Diluvicursor pickeringi
Artist's impression of two Diluvicursor pickeringi foraging on the bank of a river Peter Trusler.

The remains of a previously unknown turkey-sized dinosaur have been uncovered in 113-million-year-old rocks in south-eastern Australia.

Researchers found a fossilised tail and foot bones of a herbivorous animal which has been named Diluvicursor pickeringi after David Pickering, a museum manager who contributed significantly to Australian palaeontology but who died just over a year ago.

The find sheds light on a group of small, bipedal, herbivorous dinosaurs known as ornithopods which thrived in the great rift valley that once existed between Australia and Antarctica.

"Diluvicursor shows for the first time that there were at least two distinct body-types among closely related ornithopods in this part of Australia," said Matt Herne, lead author of the new study, published in the journal PeerJ.

"One was lightly built with an extraordinarily long tail, while the other, Diluvicursor, was more solidly built, with a far shorter tail.
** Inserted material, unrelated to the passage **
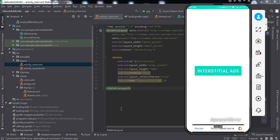Hey everyone, welcome to another video. In this video we're going to learn how to implement AdMob ads to our Android application using Kotlin as the backend language.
Our preliminary reconstruction of the tail musculature of Diluvicursor suggests this dinosaur was a good runner, with powerful leg retracting muscles," he said.
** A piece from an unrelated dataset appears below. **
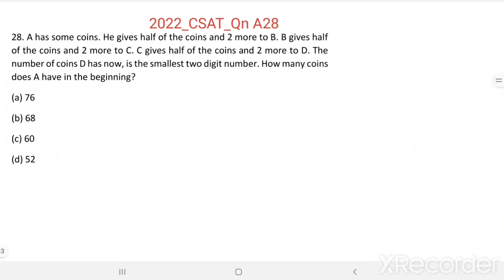Question number 28. A has some coins. He gives half of the coins and two more to B. B gives half of the coins and two more to C. C gives half of the coins and two more to D. The number of coins D has now is the smallest two-digit number. How many coins does A have in the beginning?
The dinosaur's skeleton was first discovered in 2005 by volunteer prospecter George Caspar. It was jutting out of a rock platform near an area called Eric the Red West near Cape Otway in southern Victoria.

The site, which is rich in fossils, was once the location of a powerful river which transported tree stumps, logs and other woody debris. It appears that the dinosaur became trapped in a log jam at the bottom of the river and died.

"Much of the fossil vertebrate material from Eric the Red West has yet to be described so further dinosaurs and other exciting animals from this site are now anticipated," Herne said.